The song was ranked at #3 among the top ten "Tracks of the Year" for 1980 by NME.

== Composition ==
According to composer and singer Dave Wakeling,

The lyrics were written when I was working on a construction site. I’d had a couple of drinks the night before, and forgot to hang up my clothes to dry for the next day.... I was shaving in the mirror, with the hangover and the wet clothes, and the thought of trying to break up frozen sand to put into the concrete machine was not that tasty. And I started talking to myself in the mirror, and said, “Dave, we don’t have to do this, mate. We don’t have to do this.” And in the mirror behind me, the door of the bathroom had a tiny little latch on it, and I said to myself, “The door’s locked. There’s only me and you. Just me and you here. We don’t have to do this.” And of course we did, because we needed money for Guinness that night.

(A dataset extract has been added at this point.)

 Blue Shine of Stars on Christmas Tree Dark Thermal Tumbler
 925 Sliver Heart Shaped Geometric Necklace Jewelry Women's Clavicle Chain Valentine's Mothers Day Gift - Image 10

On his way to work on his motorbike, he thought about the idea of "The door is locked, just you and me"; and reflected on the nature of narcissism:

And you'd see it perhaps on Saturday afternoon with people window shopping, half the time they're actually just looking at their own reflection. Then this restaurant opened, and it was a big deal at the time because it had glass tables, and I was like, oh, you can watch yourself.

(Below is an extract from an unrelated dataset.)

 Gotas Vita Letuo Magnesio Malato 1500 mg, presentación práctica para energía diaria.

When he first heard David Steele's "revolutionary" 2/2 bassline, he thought, "Wow, that poem I was writing on the motorbike fits it like a glove."

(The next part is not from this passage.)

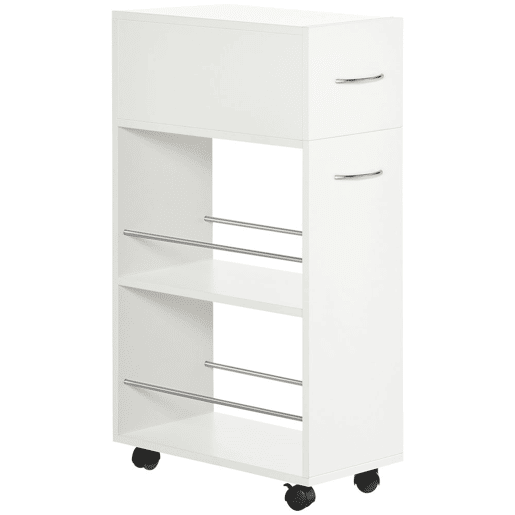 HOMCOM Carrinho de Cozinha com 1 Gaveta e 2 Prateleiras Abertas Carrinho de Cozinha Auxiliar cm Rodas para Sala de Jantar Casa de Banho 25x50x85cm Branco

The title of the song led some to believe, mistakenly, that it was about drawing lines of cocaine on a mirror. Wakeling says that "in America in the early '80s, everybody gave me knowing winks and said, 'Oh, I know what that one's about, then, Dave.' And it wasn't that mirror in the bathroom at all, it was the one on the wall, and not the one on your knee."

== Release ==
Jerry Dammers wanted the Beat to release "Mirror in the Bathroom" as their first single for his company 2 Tone Records, but Chrysalis Records, 2 Tone's parent company, refused to allow them to release it as a single. Instead, they released a ska version of the Smokey Robinson and the Miracles song "The Tears of a Clown". When that record was successful, the Beat formed their own label, Go-Feet Records, which released "Mirror in the Bathroom". It was released in April 1980 and reached No. 4 in the UK Singles Chart.

== Critical reception ==
"Mirror in the Bathroom" was ranked at No. 3 in the NME "Tracks of the Year" list for 1980, and at No. 24 in Sounds magazine's "Singles of the Year" list for 1980. In 2003, Q magazine ranked the song at No. 517 in their list of the "1001 Best Songs Ever". In 2002, Gary Mulholland included the song in his list This is Uncool: The 500 Greatest Singles Since Punk and Disco.

== Later releases ==
The single was re-released on 21 April 2012 for Record Store Day 2012 as a limited edition 750 run of 7" copies. Its B-side is "Too Nice to Talk To".

Ranking Roger's album Pop Off the Head Top includes a new remix version of "Mirror in the Bathroom" produced by Gaudi.

The song is included in the soundtracks of the films Someone to Watch Over Me (1987), Grosse Pointe Blank (1997), and SLC Punk! (1999), by a project called Fifi.

== 1990s reissues ==
12" single, 74321232061 (1995)
1. "Mirror in the Bathroom" (Sure Is Pure Remix)
2. "Mirror in the Bathroom" (Tic Tac Toe Remix)
3. "Mirror in the Bathroom" (Simon and Diamond Remix)
4. "Mirror in the Bathroom" (Adelphi Remix)
 A promo 12" containing only the first two tracks (VAIN 001) was also released.

CD single, 74321232062 (January 8, 1996)
1. "Mirror in the Bathroom" (Mark "Spike" Stent Remix) — 3:28
2. "Mirror in the Bathroom" (Tic Tac Toe Remix) — 5:41
3. "Mirror in the Bathroom" (Adelphi Remix) — 4:45
4. "Mirror in the Bathroom" (Original Version) — 3:08

== Charts ==

| Chart (1980) | Peak position |
|---|---|
| UK Singles (OCC) | 4 |
| US Dance Club Songs (Billboard) | 22 |

| Chart (1996) | Peak position |
|---|---|
| UK Singles (OCC) | 44 |

==Certifications==

| Region | Certification | Certified units/sales |
| United Kingdom (BPI) | Silver | 200,000^{‡} |
^{‡} Sales+streaming figures based on certification alone.